Yesterday, I spent about twelve hours at my 15th college reunion. I had gone with my friend, Cheryl, without whose influence, I would never have gone. I was glad I went, although I admit I've never been enthusiastic about giving money to Wesleyan, with which I was pretty disgusted by the time I left. For four years there, I was involved with various fights with the board of trustees over South African investments, core curricula proposals, and affirmative action policies. My favorite professors, Henry Abelove, Michael Harris, and Jerry Watts were all mistreated by the institution in various ways, (Harris and Watts were both denied tenure).
The other reason for my particular experience of Wesleyan had something to do with a basic class antagonism to the super-wealthy people I met there who seemed to spend most of their time high; there was a whole contingent in my dorm who spent most of their days smoking pot and playing backgammon, just until time for the exams that they invariably aced. Year after year, I met interesting people who were doing cool things (they were the ones who came to the reunion, obviously) but at the time, in my jaundiced view of everything, the priviledged neer-do-wells were at the center.
Oh, and then there was that whole disastrousfire-bombing and murder of one my once-friends, an entirely different kind of privileged ne-er do well.
So, I made the resolution upon leaving was never to have anything to do with a private college again because I saw Wesleyan's function as being a training ground for the ruling-class, one of whose primary lessons was about how to fuck up and not face the consequences. I must not have changed entirely, because one of the spots I was most nostalgic to return to was Eclectic, the "co-ed literary society" where I spent many weekends drinking beers and feeling miserable and excluded.
Oh, wasted youth!
(and yes, there were great people at Eclectic too, but I was too miserable when I was eighteen to appreciate them).

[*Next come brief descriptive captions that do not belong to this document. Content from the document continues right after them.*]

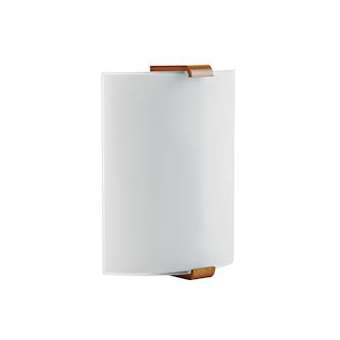 AURA - Applique Mur E27 60W max., verre opale, lampe non incl.|Aric-ARI1821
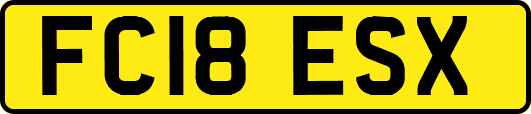 FC18ESX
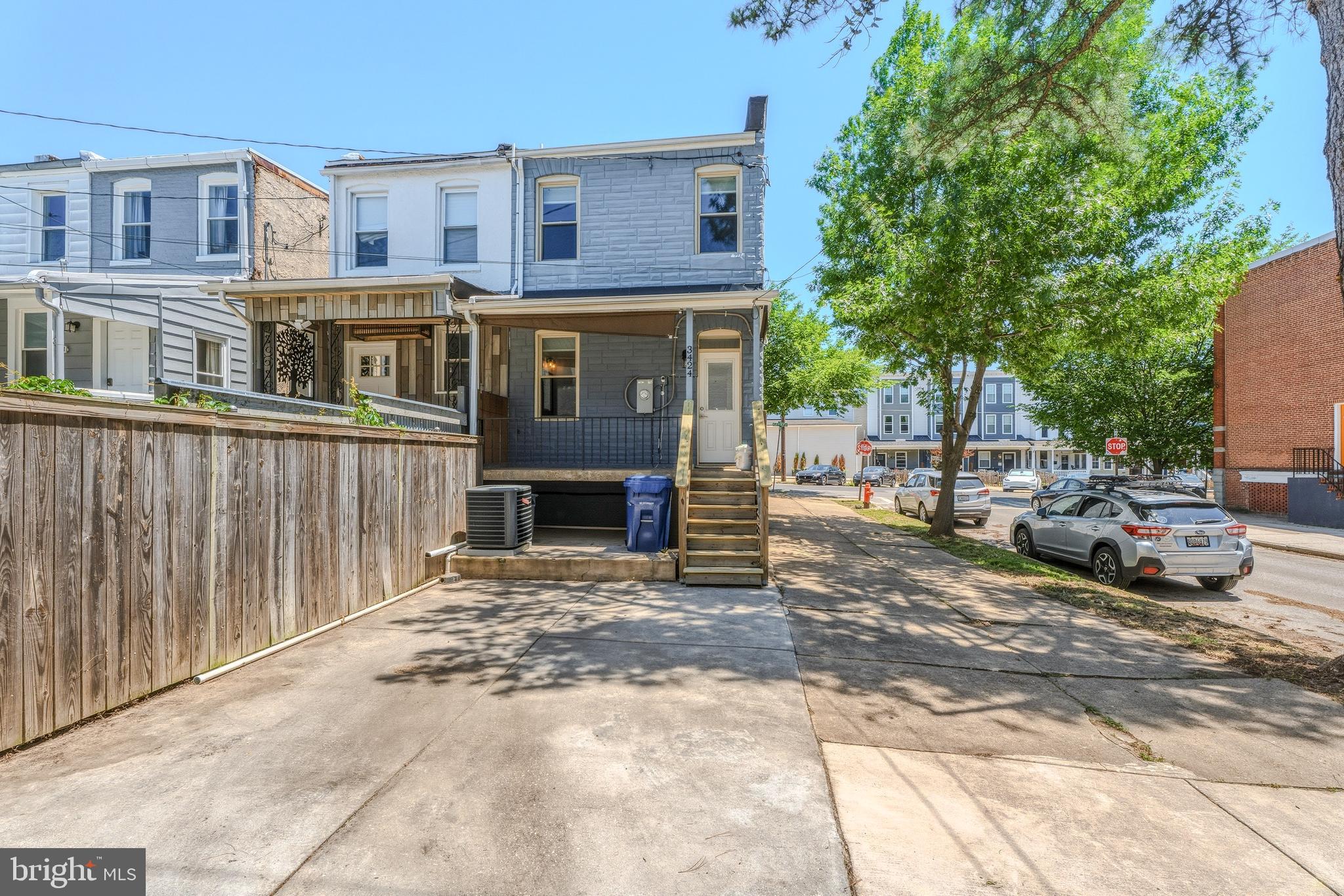 HAMPDEN HISTORIC DISTRICT - Residential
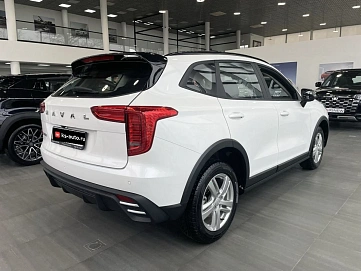Haval Jolion, 2025г., передний привод, робот
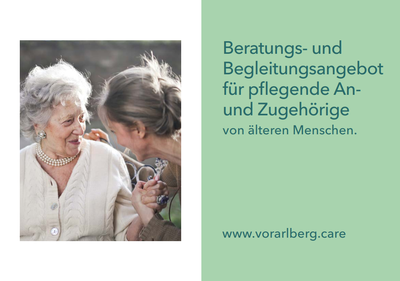 Plattform für pflegende An- und Zugehörige von älteren Menschen Plattform für pflegende An- und Zugehörige von älteren Menschen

Of course, I gained a lot at Wesleyan. I often think back to things I learned there when I'm teaching now, and I think about how unfair it is that most of my students will never experience anything like it. The academic experience of Wesleyan, with those small classes, that amazing library, those bright, bright students, and dedicated professors - those were the things I still appreciate about the place, which combines the aesthetics of the palatial, the funky, and the idyllic in a way that's hard to explain. That aspect of Wesleyan was reflected most in the "Wes Seminar" on contemporary public education that I went to yesterday afternoon. So, yes, I really should give money to the school just to fund scholarships for kids from inner-city highschools. I found out that Michelle Pierce, who I'd never met at Wesleyan, as far as I can remember anyway, is doing amazing things in the Bronx. The discussion she facilitated during her seminar had all the hallmarks of those great classes I took there, and it was the best way to reconnect with the university.
The class dinner was also nice. Fifteen years later, it did seem like most of us had grown up.